● **Problem details**:
Once the line holding "Seamless Dome Ball" is found in the entries below, transcribe exactly every line up to and including the one holding "8 Wandie Crescent, Anula NT 0812", but leave out the pictures.
-- Provided data follows --
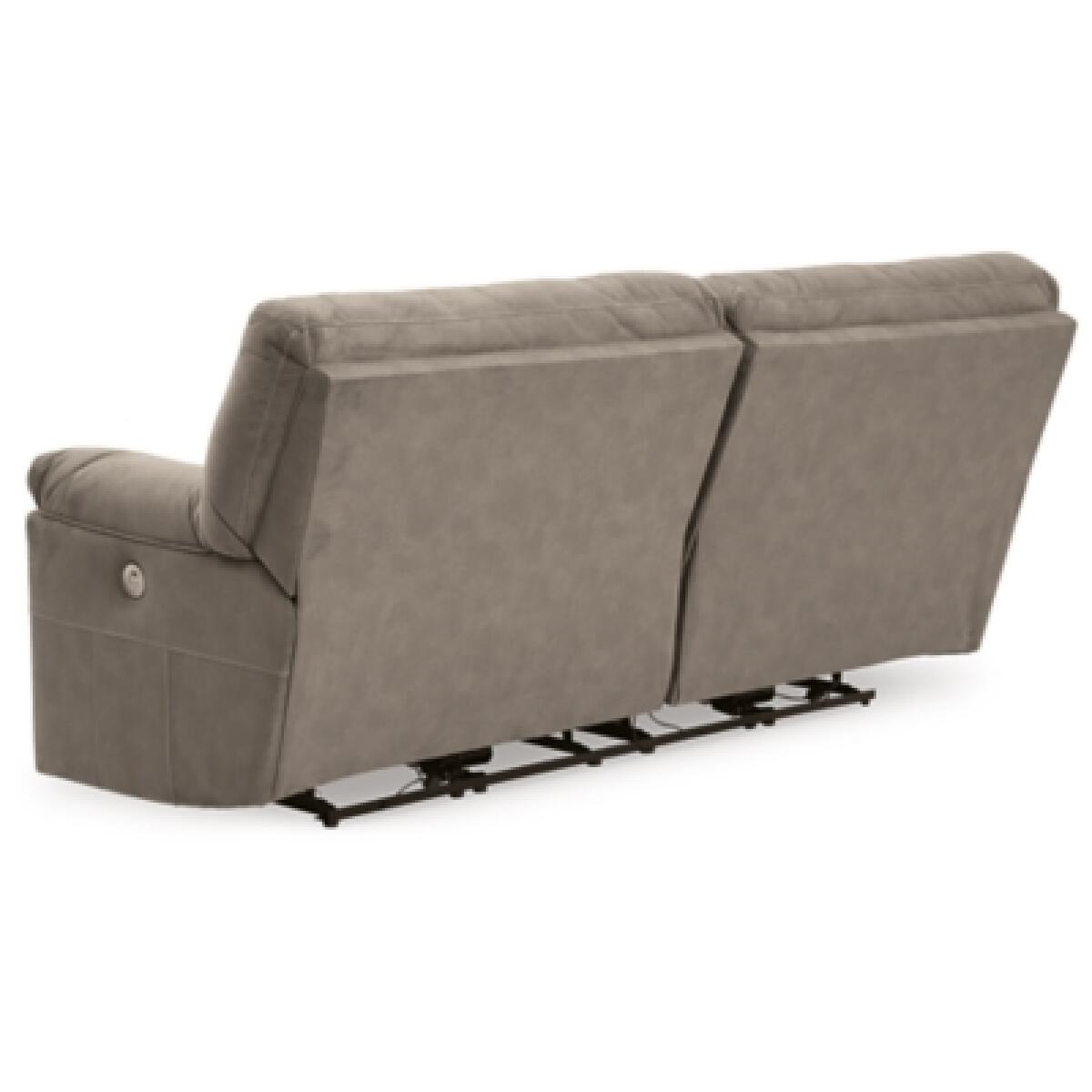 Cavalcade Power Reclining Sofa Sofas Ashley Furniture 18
-- Provided data concluded --
-- Provided data follows --
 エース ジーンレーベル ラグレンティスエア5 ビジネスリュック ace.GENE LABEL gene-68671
-- Provided data concluded --
-- Provided data follows --
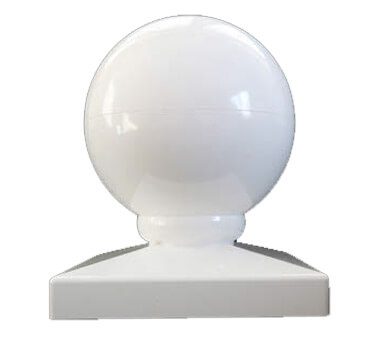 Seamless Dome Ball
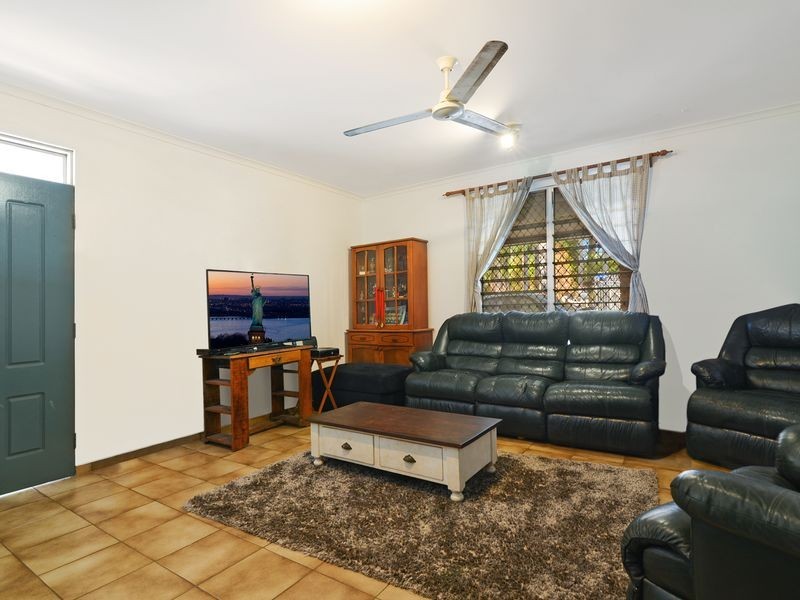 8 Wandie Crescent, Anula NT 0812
-- Provided data concluded --
● **Result below**:
 Seamless Dome Ball
 8 Wandie Crescent, Anula NT 0812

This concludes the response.